Pour des raisons qui échappèrent aux lois de la génétique, les ours du Colorado se multiplièrent en nombre effarant, au point de rendre hasardeux le moindre déplacement à découvert. Affranchis par le nombre, les féroces plantigrades s’exonérèrent de toute défiance et s’en prirent aux hommes, abasourdis par la soudaineté du cataclysme. Surpris par le foisonnement de grizzlis, deux comportements dichotomiques clivèrent les individus dans leurs modes d’adaptation. Rien n’est jamais acquis et les ours du Colorado sont là pour le rappeler.

La majorité des hommes menacés par les ours constituèrent le groupe des « cave dwellers ». Après y avoir stockés vivres et provisions, ils choisirent de se refugier dans une caverne de la montagne dont ils condamnèrent toutes les issues, en attendant que ça passe. Une fois convaincus de leur invulnérabilité, ils cédèrent à l’euphorie. L’ivresse de la rassurance, comme celle des profondeurs, atténue les précautions, comme si le présent se faisait éternel.

Les « bear fighters » refusèrent cette fatalité. Le protectionnisme est un vase clos et la promiscuité de la caverne leur parut inconvenante. La lumière eut trop manqué à leurs nourritures. Ils consentirent aux sacrifices dévolus au partage de la biosphère avec l’envahisseur et développèrent ce qu’il fallut de stratagèmes pour le dissuader de ses projets hégémoniques.

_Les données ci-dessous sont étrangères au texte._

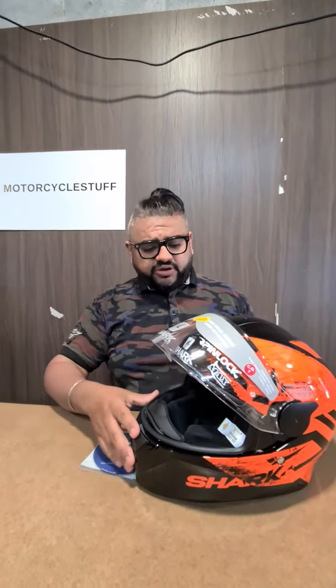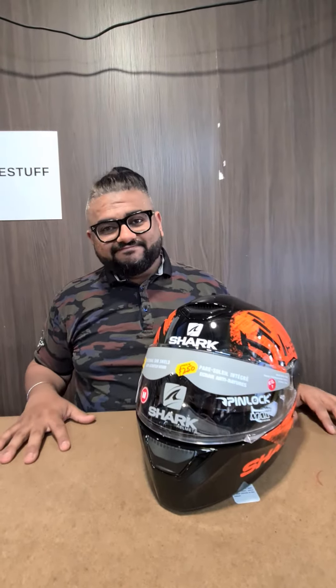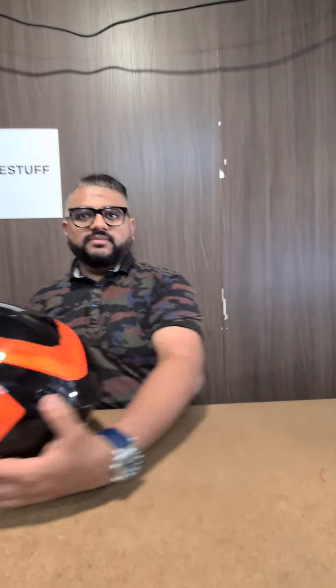These are four-star rated by SHARP testing out of the UK — really good value for just two hundred and fifty dollars. They come with five years of warranty, being a premium French brand. Check these out in store and online.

Heureux sous la voûte protectrice de la grotte, les « cave dwellers » se gobergèrent à ventre déboutonné et la vie collective apporta ses réjouissances habituelles. A ciel ouvert, les « bear fighters » éprouvèrent de lourdes pertes, notamment en vies humaines. Mais l’instinct de survie développait en eux cette intelligence vive qui déjoue les ruses de l’ennemi. La liberté réclame un lourd tribut mais l’étendue de son territoire est si vaste que nul n’empiète sur le pré carré de l’autre.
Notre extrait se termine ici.